▸ **BRIEF**
Only the lines from the one containing "Imagem de Coloração" through the end of the data below are to be repeated, exactly as given, without pictures.

Stored entries:
________________

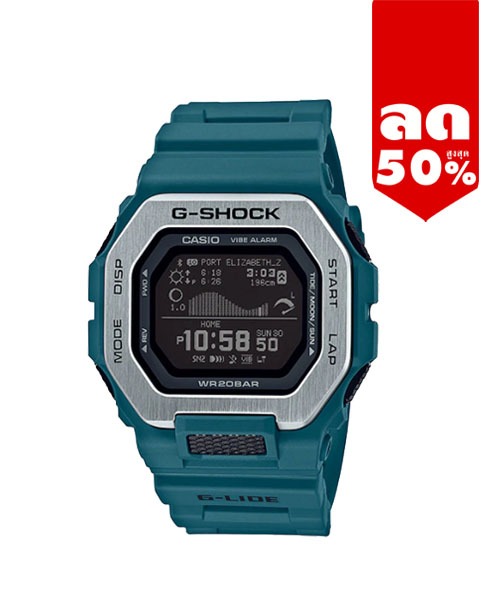 CASIO MID YEAR SALE G-SHOCK นาฬิกาข้อมือ นาฬิกากันน้ำ นาฬิกาของแท้ ประกันศูนย์ CMG 1 ปี รุ่น GBX-100-2 นาฬิกาสีฟ้า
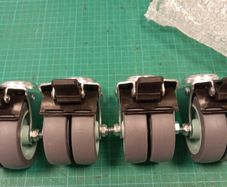 Swivel Castors with brake 75mm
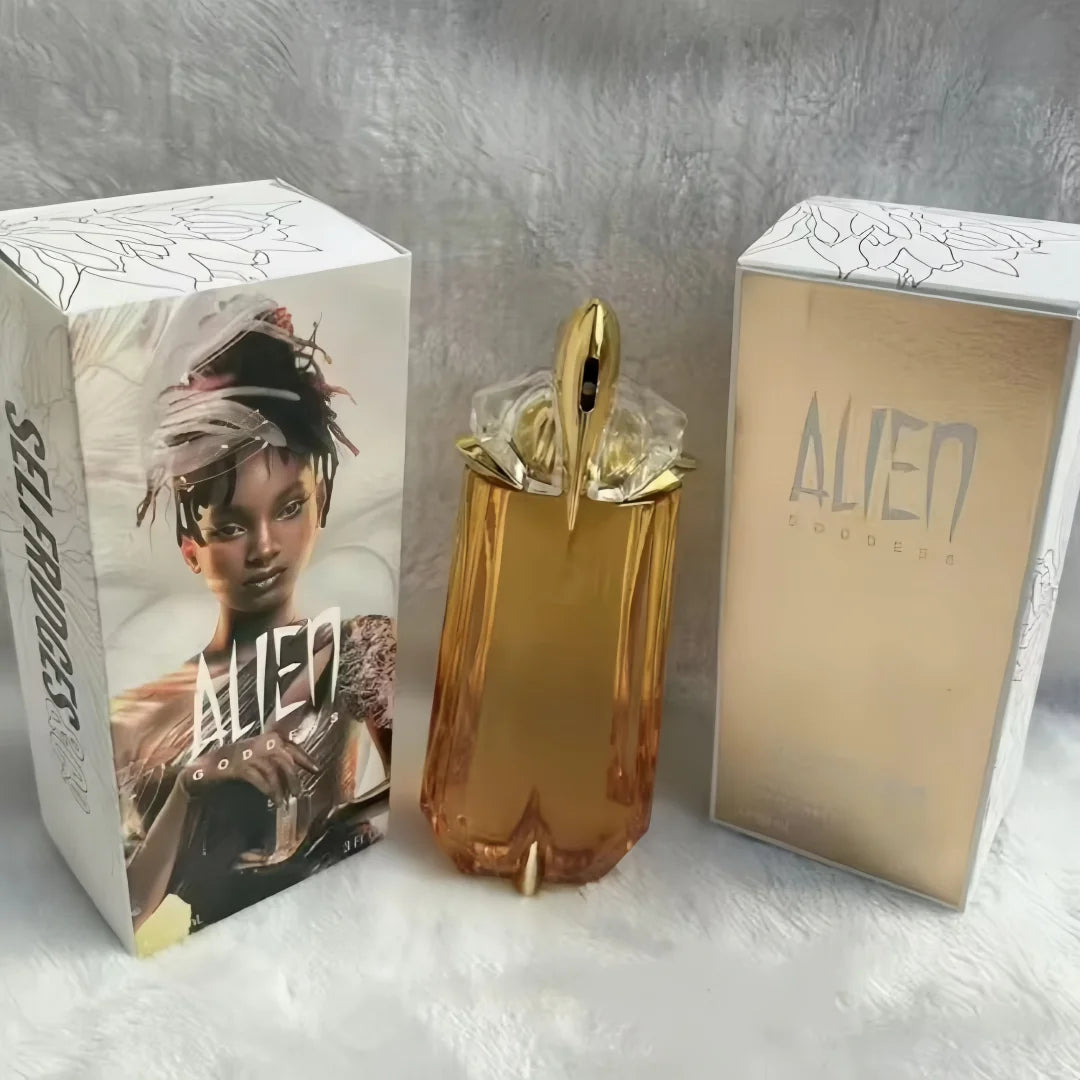 Thierry Mugler Alien Unisex Concentrated Perfume Fresh and Classic 90ml vanilla, floral, amber, musk long-lasting perfume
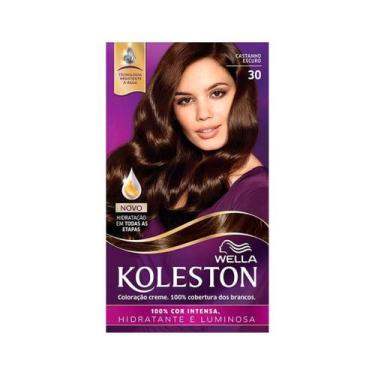 Imagem de Coloração Koleston 30 Castanho Escuro - Wella, Castanho Escuro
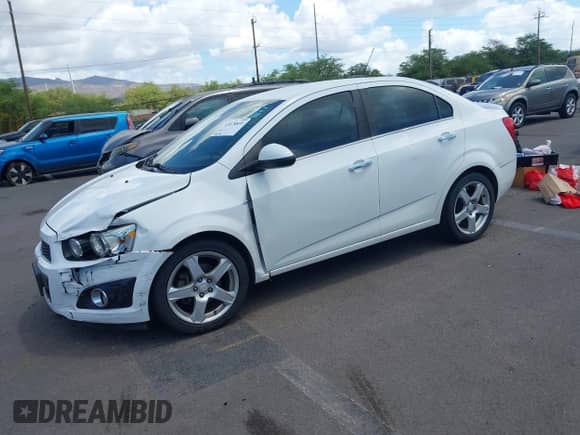 2016 Chevrolet Sonic LTZ with VIN 1G1JE5SB0G4140823, listed as a IAAI auction lot 43078859 with 94,417 mi miles and . Bid and sale history available at DreamBid. Image 17.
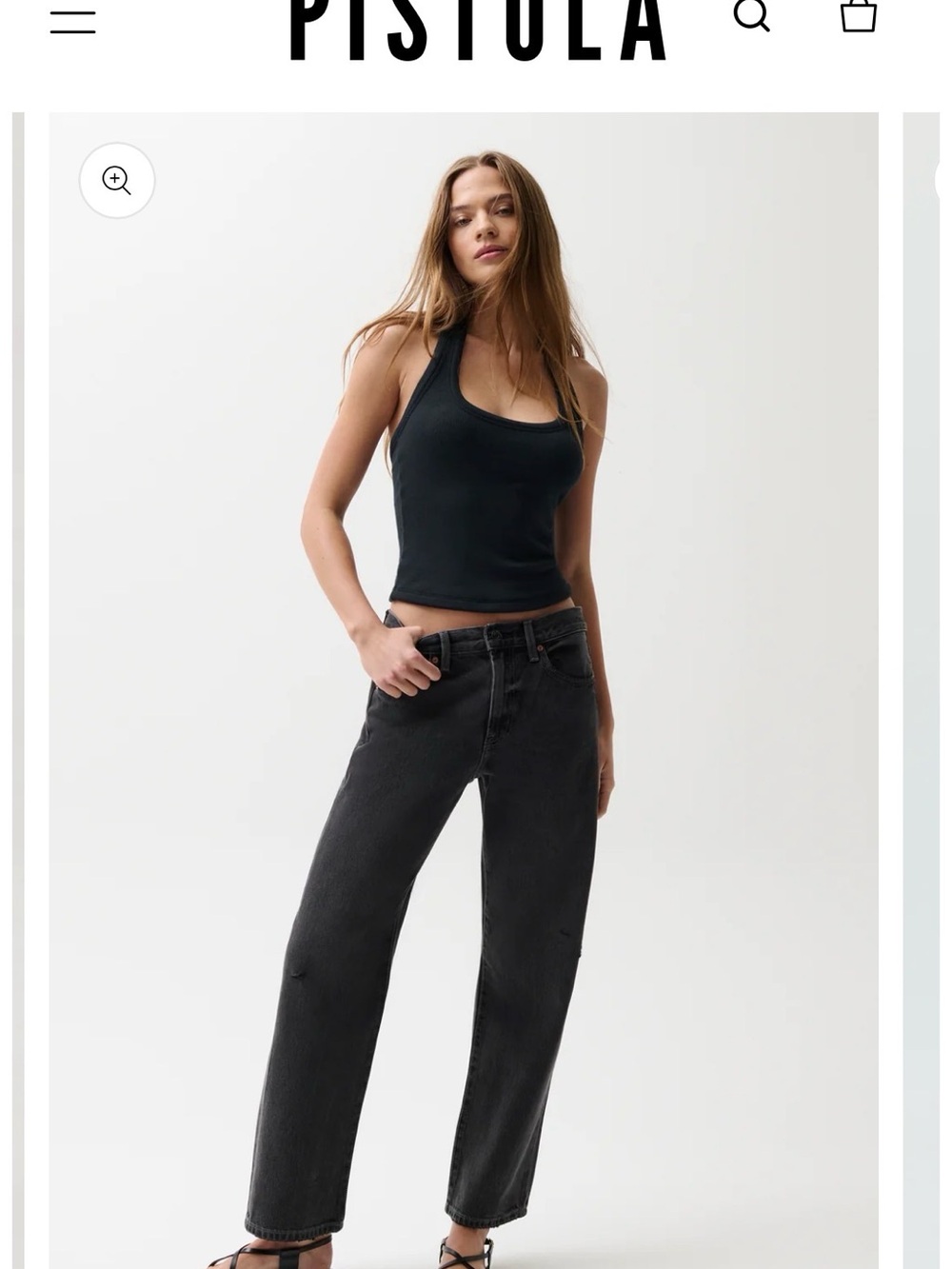 Pistola Black Women's Straight-Leg Jeans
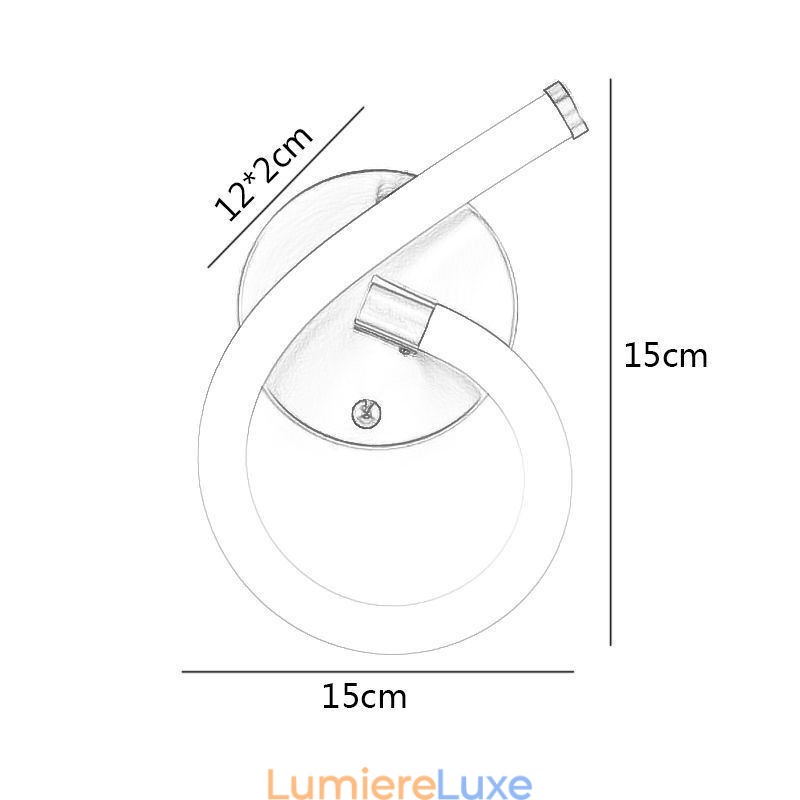 Lampe à chiffres arabes 6
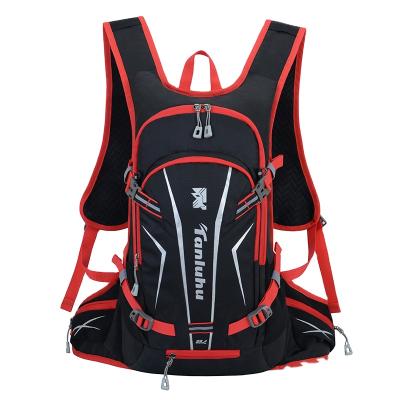 China ZHANGKELI Recycling Customized Large Bag Travel Bicycle Fashion Backpack Outdoor Travel Backpack Drinking Water Rucksack Climbing Backbag for sale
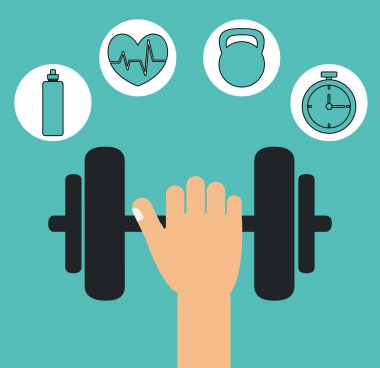 Spor salonu ve fitness yaşam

________________

▸ **RESPONSE TO THIS EXERCISE**
 Imagem de Coloração Koleston 30 Castanho Escuro - Wella, Castanho Escuro
 2016 Chevrolet Sonic LTZ with VIN 1G1JE5SB0G4140823, listed as a IAAI auction lot 43078859 with 94,417 mi miles and . Bid and sale history available at DreamBid. Image 17.
 Pistola Black Women's Straight-Leg Jeans
 Lampe à chiffres arabes 6
 China ZHANGKELI Recycling Customized Large Bag Travel Bicycle Fashion Backpack Outdoor Travel Backpack Drinking Water Rucksack Climbing Backbag for sale
 Spor salonu ve fitness yaşam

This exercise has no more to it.